- Leader: Charles Wereko-Brobby
- Chairman: Nii Armah Tagoe
- General Secretary: Eric Dutenya Kwabla
- Vice-Chairman: Bashiru Alhassan Daballi
- Treasurer: Lawrence Adotey Addo
- Youth Coordinator: Damasus Tuurosong
- Women’s Coordinator: Linda Awuah
- Campaign Coordinator: Prince Aboagye
- Founder: Charles Wereko-Brobby
- Founded: 1992
- Registered: 10 January 1997
- Dissolved: 2007
- Split from: New Patriotic Party
- Headquarters: Accra
- Colours: Blue, white and green
- Slogan: Grooming People for Ghana’s Development

Election symbol
- A clenched fist of the hand with the index and middle fingers raised together

= United Ghana Movement =

Political party in Ghana

The United Ghana Movement is a political party in Ghana. The founder is Charles Wereko-Brobby, formerly a leading member of the New Patriotic Party.

==Registration==
The party was officially registered with the Electoral Commission of Ghana as a political party in Ghana on 10 January 1997.

==Electoral performance==
===2000 elections===
The first general elections the party contested were the presidential and parliamentary elections of December 2000. Charles Wereko-Brobby stood for president on the party's ticket in December 2000 and came seventh with 0.3% of the popular vote. The party also contested the parliamentary elections in the same year but won no seats.

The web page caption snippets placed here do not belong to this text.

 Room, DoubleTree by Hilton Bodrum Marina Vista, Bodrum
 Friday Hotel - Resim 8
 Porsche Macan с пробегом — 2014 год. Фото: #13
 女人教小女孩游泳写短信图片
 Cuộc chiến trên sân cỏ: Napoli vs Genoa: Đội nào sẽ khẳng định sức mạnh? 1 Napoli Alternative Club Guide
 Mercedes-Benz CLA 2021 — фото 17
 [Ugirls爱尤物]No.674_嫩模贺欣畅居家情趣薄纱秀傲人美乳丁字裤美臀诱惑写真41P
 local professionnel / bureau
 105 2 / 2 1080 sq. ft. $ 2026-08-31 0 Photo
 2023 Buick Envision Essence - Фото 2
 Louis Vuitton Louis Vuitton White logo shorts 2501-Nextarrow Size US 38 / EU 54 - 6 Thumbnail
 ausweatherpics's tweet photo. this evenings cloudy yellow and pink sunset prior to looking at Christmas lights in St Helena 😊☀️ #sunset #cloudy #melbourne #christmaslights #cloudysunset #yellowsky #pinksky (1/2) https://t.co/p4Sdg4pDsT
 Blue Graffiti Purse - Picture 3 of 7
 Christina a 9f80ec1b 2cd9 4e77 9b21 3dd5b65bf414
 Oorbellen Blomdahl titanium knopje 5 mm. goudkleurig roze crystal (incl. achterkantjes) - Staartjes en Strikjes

===Parliamentary elections===

| Election | Number of UGM votes | Share of votes | Seats | +/- | Position | Outcome of election |
|---|---|---|---|---|---|---|
| 2000 | 32,632 | 0.50% | 0 | — | 6th | Not represented in parliament |

===Presidential elections===

| Election | Candidate | Number of votes | Share of votes | Outcome of election |
|---|---|---|---|---|
| 2000 | Charles Wereko-Brobby | 22,123 | 0.34% | 7th of 7 |

==Party on vacation==
In 2002, the leader of the party, Wereko-Brobby announced that the party is on vacation.

==Symbols==
The party symbols are as follows:
- Motto - Growing people for Ghana's development.
- Symbol - A clenched fist of the hand with the index and middle fingers raised together.